II. Fiscal Discipline and Fiscal Transfers: A Difficult Nexus

Germany is a federation with three government levels: federal (Bund), states (Länder) and municipalities (Gemeinden). Originally composed of 10 Länder and West Berlin when the federation of West Germany was created in 1949, it encompassed five more Länder at the time of re-unification with East Germany in 1990; the sixteenth Land was created by merging East and West Berlin (Berlin is a city state, along with Bremen and Hamburg).2

The 1949 German Constitution (Grundgesetz) assigns competencies to the Bund and Länder. The Bund has exclusive competencies in some areas (among others, external affairs and defense, free movement of persons, immigration and emigration, air traffic, and telecommunications), while others represent joint competencies between the Bund and the Länder. For the latter, the Bund can legislate to fulfill the requirement of ensuring “equal living conditions” mandated by the constitution (article 72). This had led over time to an entanglement and overlap of legislative responsibilities between the federal government and the Länder, with laws often requiring approval by both chambers of parliament thus restricting autonomy to pursue their own policy goals.3

The Federalism Reform Act of June 2006 considerably reduced this legislative overlap, by scaling down the number of federal laws requiring Bundesrat approval and establishing the right for the Länder to deviate from federal law in the area of administrative institutions and administrative procedures (Feld and von Hagen, 2008).4 From a fiscal standpoint, the most important change has been that Länder now have exclusive responsibility for their civil servants, in particular salaries and pensions. While this Act has marked an important political change in the German federation, it has shied away from reforming the fiscal relations across government levels.

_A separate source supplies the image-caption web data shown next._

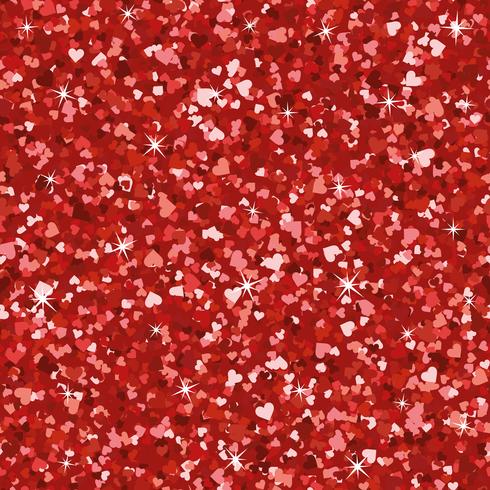 Textura de glitter vermelho brilhante sem costura. Shimmer corações amor fundo. vetor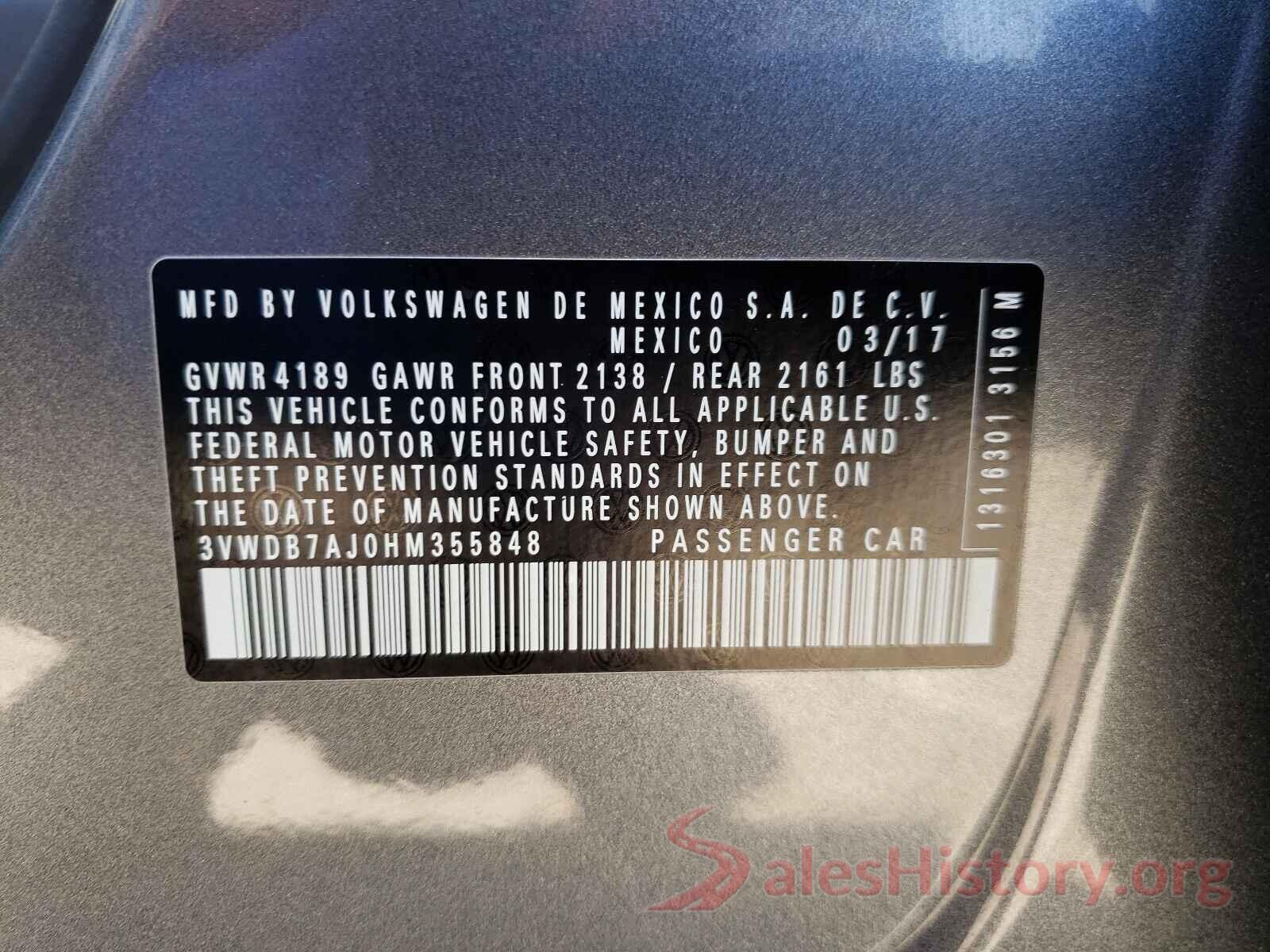 3VWDB7AJ0HM355848 2017 VOLKSWAGEN JETTA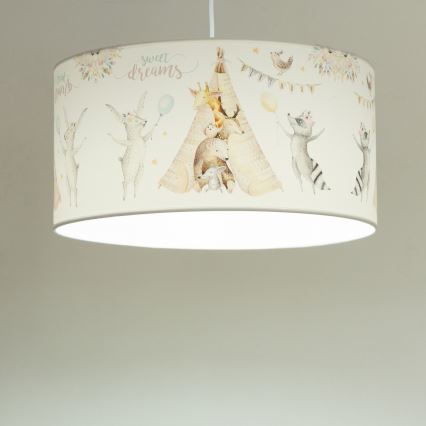 Kinder-Hängeleuchte KIDS ROOM 1xE27/60W/230V Ø 40 cm, mit Tiermotiven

From a fiscal perspective, Germany is at the high end of the decentralization spectrum, with a significant share of spending undertaken by subnational governments.5 In this respect, Germany is not very different from other countries (Figure 1). Still, this share only partially denotes the actual spending autonomy of the Länder, as these have had to comply with requirements and minimum spending standards mandated by the federal government.

Figure 1.
Figure 1.

Subnational Shares in Total Spending and Revenue, 2006

Citation: IMF Working Papers 2009, 124; 10.5089/9781451872712.001.A001

Source: IMF Government Finance Statistics.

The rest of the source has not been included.